Carl Edwards, who's been competing here since his Truck debut at the track in 2002, could see it building. "I don't know all the details, but I've been coming here nine years now with the Truck Series, and every time I come here a number of fans always ask -- 'When are the Cup cars coming? When are we going to get a Cup race?' It's a big deal to the fans here," he said. "I don't know what happened behind closed doors here, but it's the perfect place for us to be racing. The fans seem to be very excited about the race."

Stewart, who lives about 90 minutes away in Columbus, Ind., isn't surprised. "This is an area that's got deep racing roots, and a lot of dirt-track racing roots around here," the two-time NASCAR champion said. "To have an event like this is huge for this area, and it's very deserving to be here."

A crowd of more than 120,000 is expected here Saturday, a giant spawned from those muddy beginnings 11 years ago. The first official activity was a test session Thursday to help drivers and crew chiefs figure out a track whose bumpy surface and unique corner configurations make it very different from other 1.5-mile venues on the schedule. As race day approaches, the unbridled euphoria that defined Kentucky's official ascension to the Sprint Cup tour 11 months ago has been replaced by a quiet satisfaction, and focus toward work to be done.

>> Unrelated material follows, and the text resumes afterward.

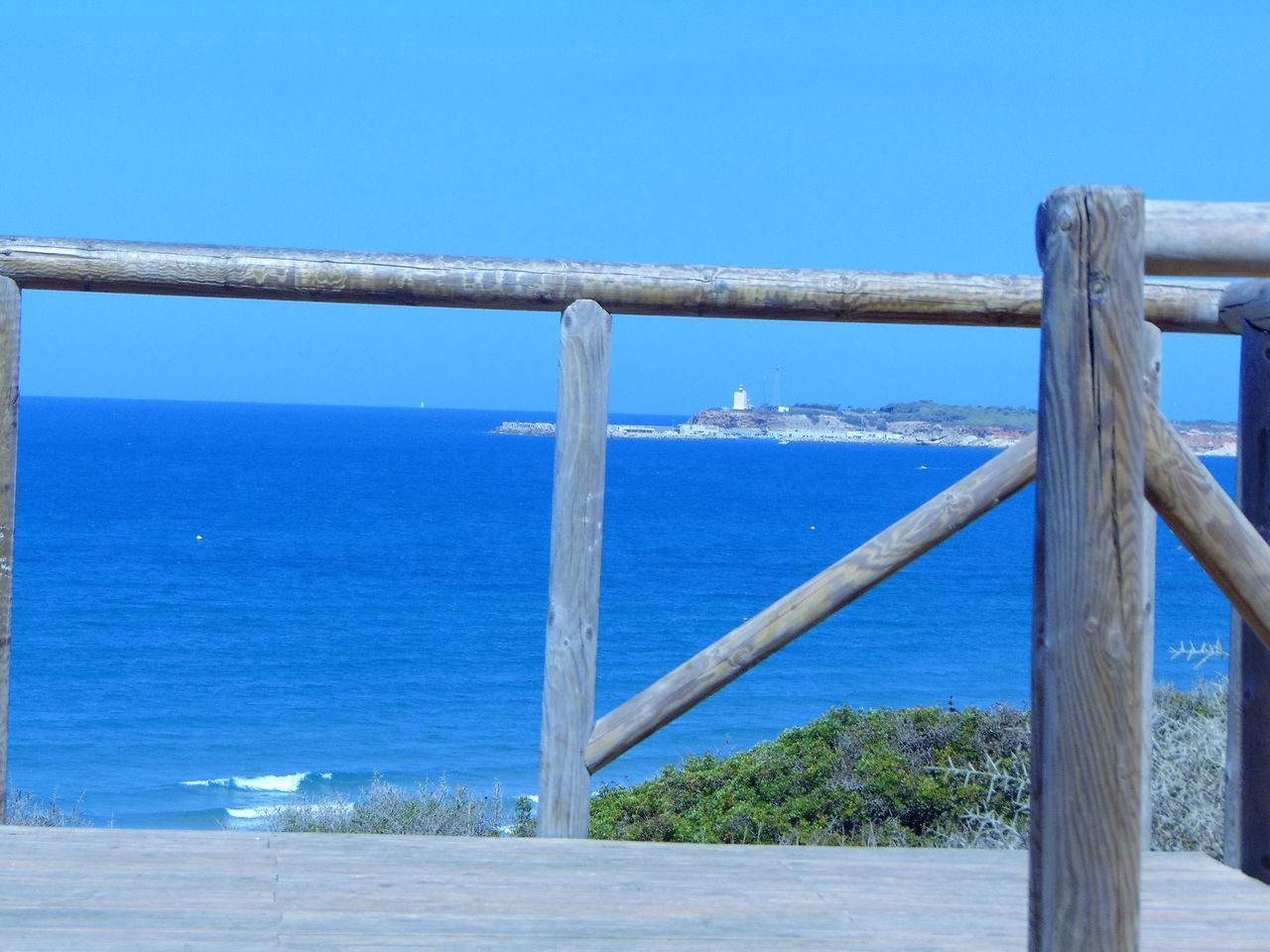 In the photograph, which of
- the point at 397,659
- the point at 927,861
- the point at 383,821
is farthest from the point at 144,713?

"Right now, we're kind of in race mode," Simendinger said. "I wouldn't say it's not any different, because it is different than last year when we put on our Nationwide race. But you do a lot of the same stuff. ... Now it's bigger, and it's longer, and it's more. But we're all kind of in race mode right now, and doing what we do. We've been doing this for 10 years. But is it exciting to have the Cup guys here? Sure. It's been our goal."